It was a true power lunch of lobster and an exotic mushroom salad held in a private dining room at the United Nations on June 24, 1997. Thirty seven invited participants were co-hosted by Ambassador Razali Ismail, President of the UN General Assembly, and Mr. Bjorn Stigson, Executive Director of the World Business Council on Sustainable Development (WBCSD) to examine steps toward establishing terms of reference for business sector participation in the policy setting process of the UN and partnering in the uses of UN development assistance funds. The players in the meeting were fifteen high level representatives of government, including three heads of state, the Secretary General of the UN, the Administrator of UNDP, and the UN Under Secretary General responsible for presiding over the UN Commission on Sustainable Development, the Secretary General of the International Chamber of Commerce, ten CEOs of transnational corporations (TNCs). The CEOs were mostly members of the WBCSD, a council of transnational corporations originally organized by Stephan Schmidheiny and Maurice Strong to represent the interests of global corporations at the United Nations Conference on Environment and Development in Rio in 1992.
In a limited gesture toward transparency and multi-stakeholder participation, two “academics” and two NGOs were invited to observe. The academics were Jonathan Lash of World Resources Institute and myself. Chee Yoke Ling of the Third World Network and Victoria “Vicki” Tauli-Corpuz of the Indigenous Peoples’ Network, Philippines, were the NGO participants.
The meeting’s outcome was preordained. It closed with Ambassador Razali, President of the General Assembly, announcing that a framework for the involvement of the corporate sector in UN decision making would be worked out under the auspices of the Commission on Sustainable Development.
Listening to the presentations by the governmental and corporate representatives left me rather deeply shaken, as it revealed the extent to which most of the messages the world’s NGOs have been attempting to communicate to the UN and its governmental members at UNCED and the other UN conferences have fallen on deaf ears. On the positive side, Mr. Thorbejoern Jagland, the Prime Minister of Norway, called for a tax shift to place the burden of taxation on environmentally damaging consumption. Both Ms. Clare Short, Secretary of State for International Development of the United Kingdom, and Mrs. Margaret De Boer, Minister of Environment for the Netherlands, called for giving high priority to ending poverty.

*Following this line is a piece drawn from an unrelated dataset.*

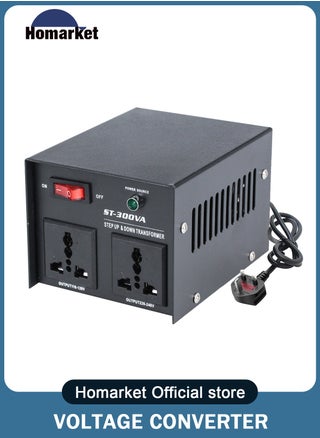 محول فولتية بقدرة 300W محول طاقة بقدرة 110V-220V محول محول تصاعدي/هابط محول محول مع حماية قاطع دائرة قابلة لإعادة التشفير مقبس عالمي صغير الحجم - pzsku/Z1B73E9EBAFD9CF1D5A06Z/45/1743070272/300afa6b-f650-4de1-80b3-542d3dcfe1ae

Ms. Chee Yoke Ling of the Third World Network, the only non-corporate stake holder voice given the floor, spoke eloquently of the growing concentration of wealth being created by the corporate sector and of the corporate commitment to the unattainable agenda of creating a universal consumer society. She observed that there are not enough resources in the world for everyone to live even at the current level of consumption of the average Malaysian, let alone the level of the United States or Europe. She further noted that people are becoming increasingly cynical about the professed corporate commitment to sustainability given that in corporate-dominated forums such as World Trade Organization (WTO) they talk only of the rights of corporations and nothing of their obligations.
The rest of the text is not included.